In the late 1800s, prominent eugenicist and statistician Sir Francis Galton invoked a Gaussian distribution to model social classes defined by earned income and argue that they could be attributed to differences in “genetic worth.”22 Galton imposed his social hierarchical ideas onto distributions of measurable characteristics in a different way than Quetelet did. He favored one ‘high’ extreme over the rest of the distribution.23 Galton aimed to alter the genetic make-up of the population to increase “intelligence,” height, physical capacity, whiteness, and the like, thus “improving” the population. Galton coined the word “eugenics” to describe this strategy. He advocated for eugenic public policies to encourage some people (high-earning, white, intelligent) to reproduce, such as state-funded incentives for marriage between individuals from high-earning families, and prevent others (poor, disabled, criminalized) from reproducing. Through this work, Galton became widely regarded as the founder of the British eugenics movement.24 Eugenic policies were promoted in the name of public health and welfare—the life of the population deemed to be the national population would be cultivated, and other kinds of life deemed to be threatening to the national population would be extinguished or encouraged to die off.

To support his eugenic agenda, Galton used a statistical approach to categorize and quantify human characteristics. For instance, Galton assumed that intelligence could be quantified and that quantified intelligence follows a Gaussian distribution.20 In that system, Galton valued individuals with unusually high intelligence over individuals with average or unusually low intelligence. In Figure 1, this can be interpreted as valuing individuals with quantified intelligence in the upper tail of the distribution and devaluing individuals with quantified intelligence near the mean or in the lower tail. The dominant social interpretation of the Gaussian distribution shifted, indicated by a renaming to the now commonly used “normal distribution.”25 Rather than depicting an ideal mean and undesirable deviance around that mean, as Quetelet had suggested, the mean began to be considered mediocre and undesirable; one tail was considered extremely unacceptable, and the other tail was considered the preferred state. Galton’s aspirational approach to the normal distribution—his desire to use statistical measure to intervene in human characteristics and change the population “for the better”—is clear in his literal reference to a distribution mean as the “mediocre point.”

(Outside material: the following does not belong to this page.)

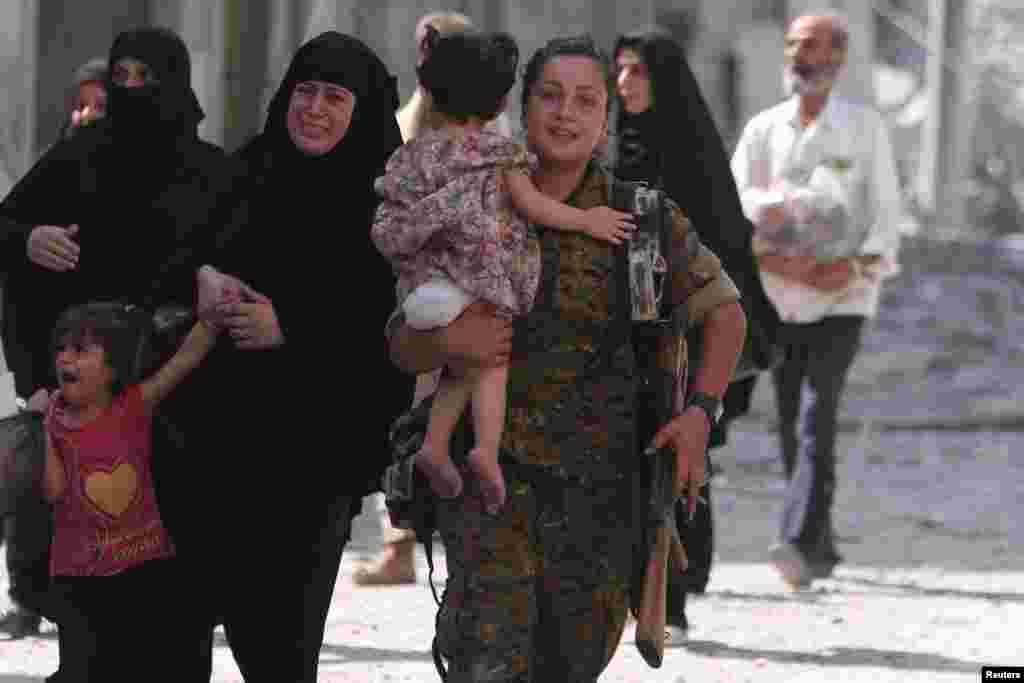 A Syria Democratic Forces (SDF) fighter helps civilians who were evacuated by the SDF from an Islamic State-controlled neighborhood of Manbij, in Aleppo Governorate, Syria, Aug. 12, 2016.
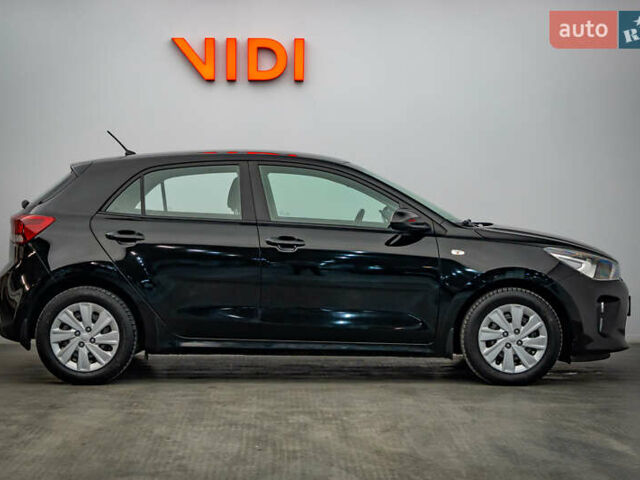 Чорний Кіа Ріо, об'ємом двигуна 1.2 л та пробігом 94 тис. км за 10904 $, фото 3 на Automoto.ua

This paradigm shift in the interpretation of a probability distribution, from valuing the mean and devaluing the tails, to valuing one tail and devaluing the other tail and common values, illustrates the key role played by political and social interests in interpretations of statistical data. Despite the divergent values they placed on different portions of the normal curve, both Quetelet and Galton used the same fundamental strategy of promoting racist agendas in their interpretations of a probability distribution.26

Regression Towards the Mean

The social reinterpretation of the Gaussian distribution was just one part of the new quantitative technologies and perspectives emerging with the increasing momentum of the eugenics movement in Europe. Galton and other eugenicists proposed to improve the citizenry of a country, defining improvement as increased intelligence, height, heterosexuality, wealth, whiteness, physical capability, and the like in the population, achieved by altering the genetics of the population as a whole.27 The eugenic movement called for selective breeding programs where individuals deemed less desirable (people with physical impairments, people of color, people with “deviant” sexuality or gender, poor people, people deemed insane) would be sterilized and individuals determined to be more desirable (white people, rich people, people deemed intelligent, people perceived to be able-bodied, heterosexual people) would be encouraged to reproduce and provided with support from the state.25 However, eugenic strategies were not limited to selective breeding and sterilization programs, but included anti-union organizing (since unions advocated equal pay to workers deemed to be eugenically unequal), immigration restrictions, and atrophy of welfare.28 All of this was justified in the name of public health and wellbeing—the life of the population deemed to be the national population would be cultivated, and others kinds of life deemed to be threatening to the national population would be extinguished.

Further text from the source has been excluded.